Edmund Albert (Ted) Colson was born near Quorn in the Flinders Ranges on 3 June 1881. When he was 15 years old he moved with his father to the Western Australian Goldfields. In 1904 he married Alice Jane Horne at Kalgoorlie. In 1917 Ted Colson and his wife moved to Victoria where he worked on construction projects and he later started his own transport business. In 1927 he and his wife moved to Oodnadatta where he worked on the construction of the railway line from Oodnadatta to Alice Springs. In the following year he made an exploratory trip westwards into the Musgrave and Mann Ranges. In about 1929 he acquired a motor car and made several more trips westwards from Oodnadatta into the Central Australian Aboriginal Reserves, pioneering a motor track to the Musgrave Range. In 1930 he was employed by the anthropologist, AP Elkin (see AA 86), as driver on Elkin's survey of the social organization and kinship systems of the Aboriginal people west and north-west of Oodnadatta, and drove Elkin through the Musgrave Ranges and then back to Alice Springs via Charlotte Waters. Later that same year he was employed by Michael Terry (see AA 333), a prospector and adventurer, as a cameleer and guide on a prospecting expedition to the Musgrave, Petermann and Tomkinson Ranges.
In 1931 Colson acquired the lease to Bloods Creek Station, north-west of Oodnadatta, where he ran sheep and operated a store, while continuing to make occasional trips westwards into the Central Reserves. In 1936 Colson and an Antakirinya man, Eringa Peter, successfully crossed the Simpson Desert with camels.
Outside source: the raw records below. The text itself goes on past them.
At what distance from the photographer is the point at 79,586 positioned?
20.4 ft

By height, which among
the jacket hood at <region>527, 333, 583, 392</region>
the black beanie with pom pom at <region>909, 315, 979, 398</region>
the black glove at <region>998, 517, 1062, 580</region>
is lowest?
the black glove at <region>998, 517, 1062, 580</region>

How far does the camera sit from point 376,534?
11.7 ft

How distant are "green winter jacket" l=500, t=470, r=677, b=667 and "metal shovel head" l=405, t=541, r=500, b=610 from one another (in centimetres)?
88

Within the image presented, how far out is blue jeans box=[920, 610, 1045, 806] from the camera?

Colson later established the Colson Trading Company at Finke in the Northern Territory.
Ted Colson was killed in a car accident near Balaklava, north of Adelaide, on 27 February 1950.
The State Library of South Australia has a small collection of Colson's papers, correspondence and maps etc (Acc. No. D5830).
The Fisher Library at the University of Sydney has a collection of correspondence between Elkin and Colson, relating mainly to Elkin's 1930 expedition to north-western South Australia.